## Aim of the task
Transcribe the listing in full, excluding any pictures.
Available records: Begin
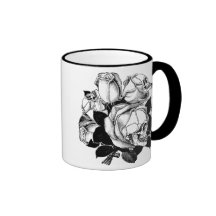 Roses de crâne tasse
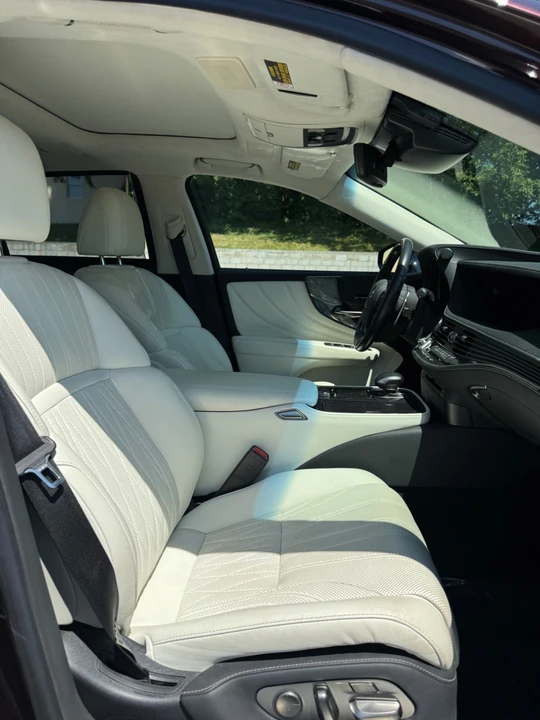 2020 Lexus LS 5th Gen - Image 19 of 22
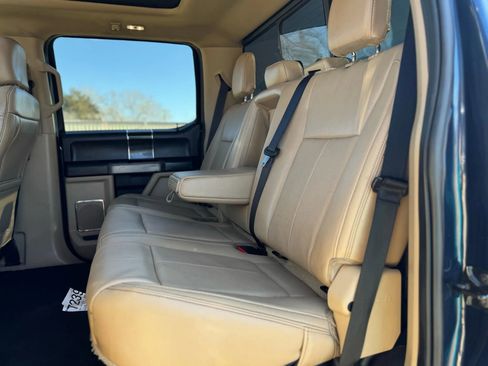 Used 2020 Ford F250 Lariat w/ Lariat Ultimate Package image 31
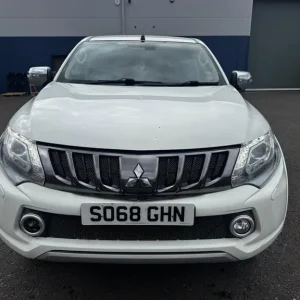 2019 Mitsubishi L200 2.4 Di-d Dc Barbarian Double Cab Diesel Manual - Image 5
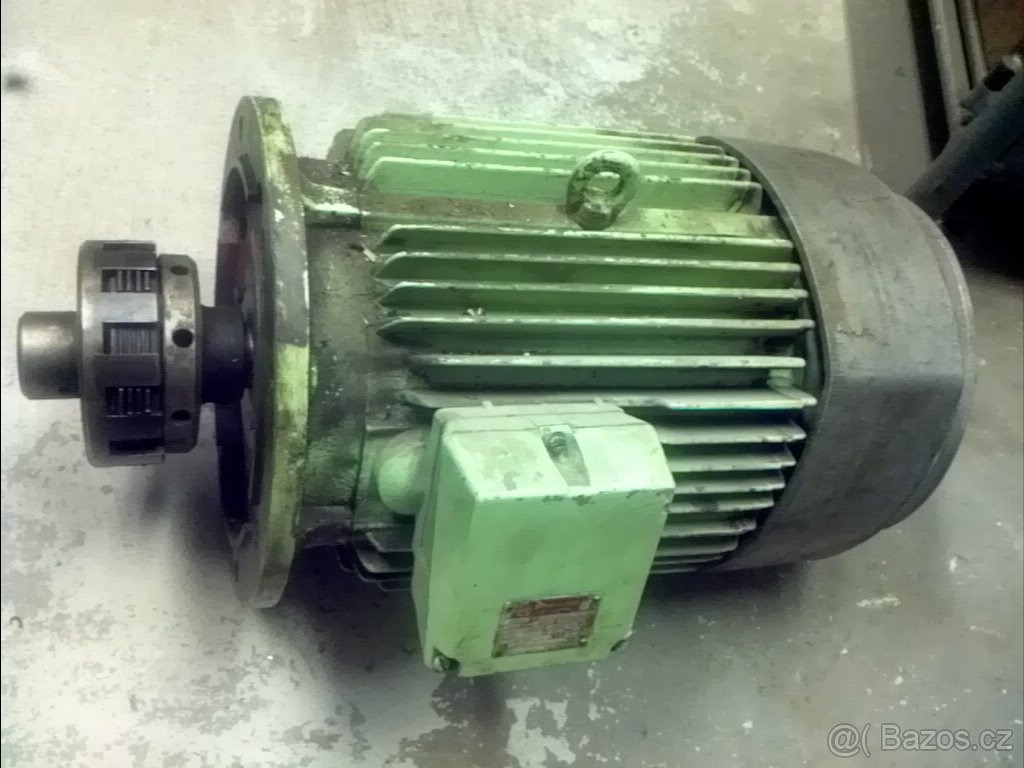 Dvojobrátkový přírubový motor - 2
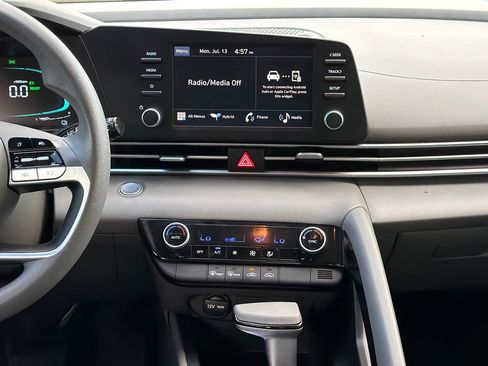 Used 2025 Hyundai Elantra Hybrid FWD image 12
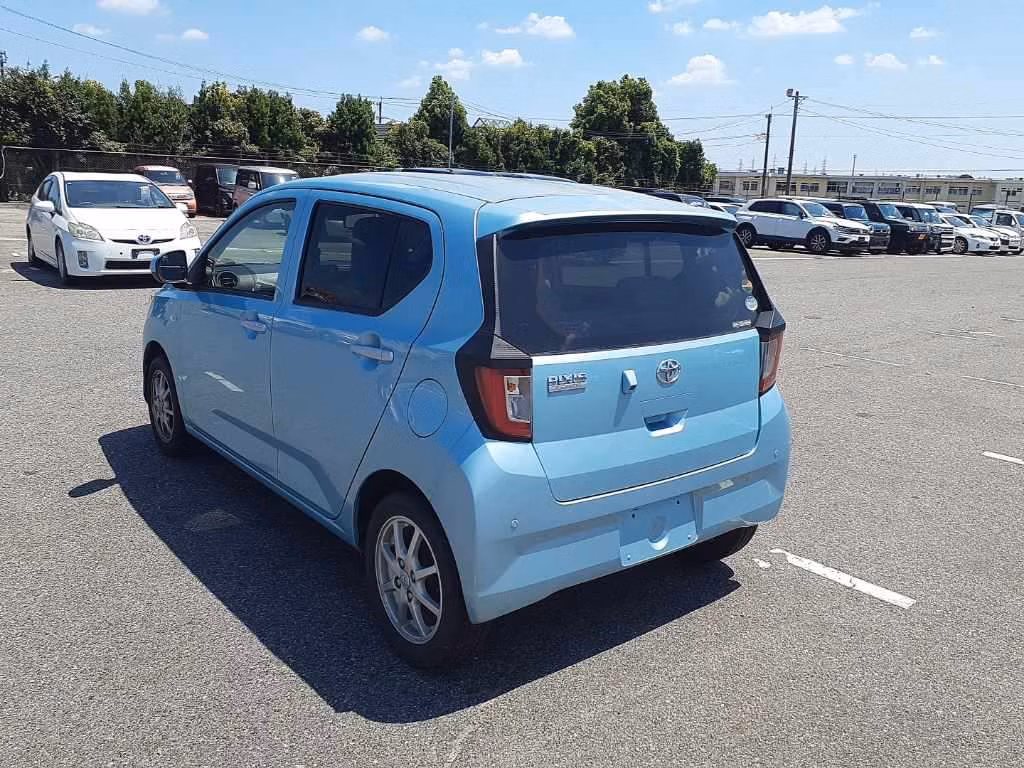 TOYOTA PIXIS EPOCH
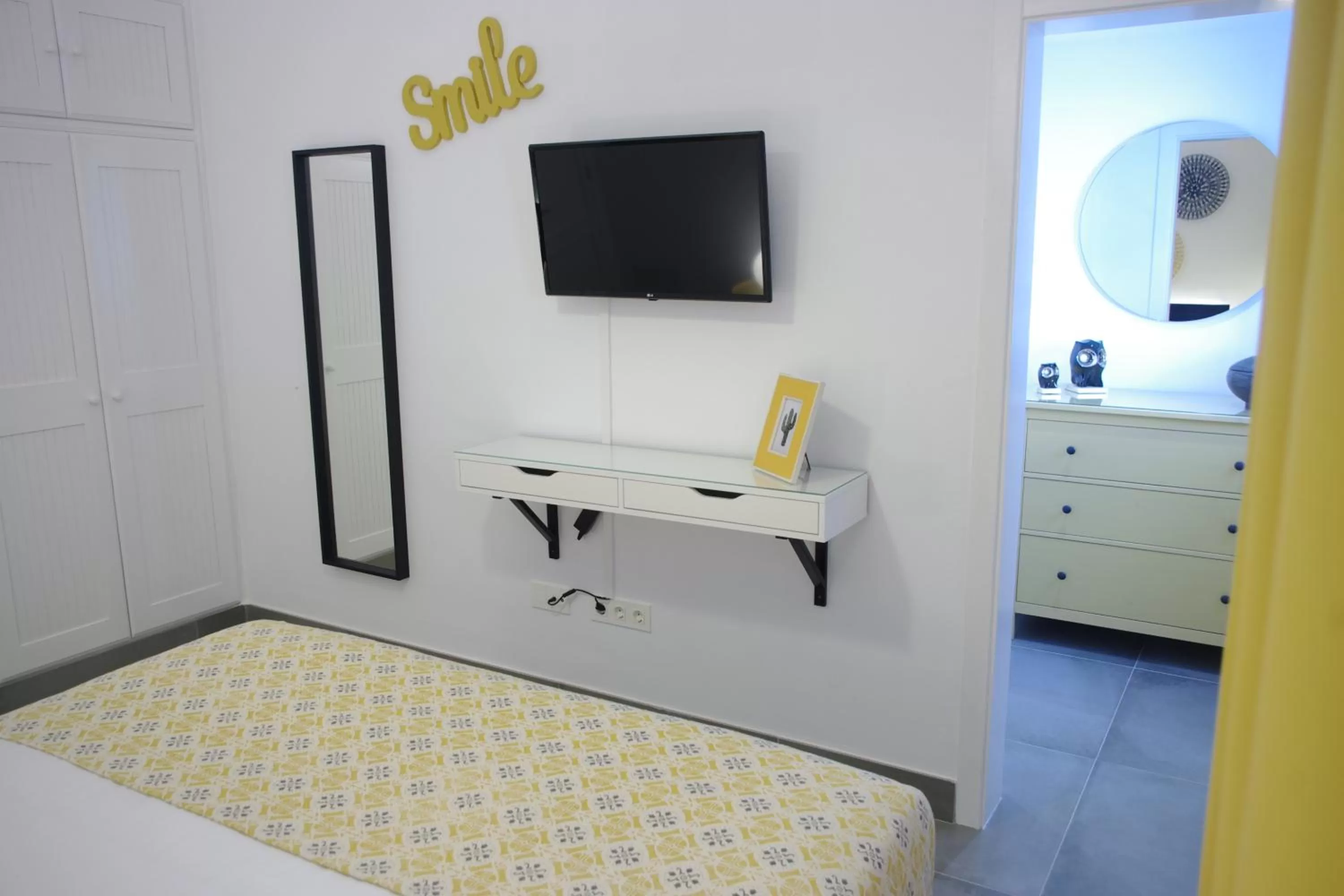 Photo of the whole room, Bed in MAGMA Rooms Playa Honda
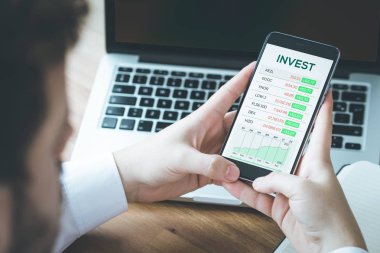 Akıllı telefon kullanan iş kişi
Available records: End
## Exercise solution
 Roses de crâne tasse
 2020 Lexus LS 5th Gen - Image 19 of 22
 Used 2020 Ford F250 Lariat w/ Lariat Ultimate Package image 31
 2019 Mitsubishi L200 2.4 Di-d Dc Barbarian Double Cab Diesel Manual - Image 5
 Dvojobrátkový přírubový motor - 2
 Used 2025 Hyundai Elantra Hybrid FWD image 12
 TOYOTA PIXIS EPOCH
 Photo of the whole room, Bed in MAGMA Rooms Playa Honda
 Akıllı telefon kullanan iş kişi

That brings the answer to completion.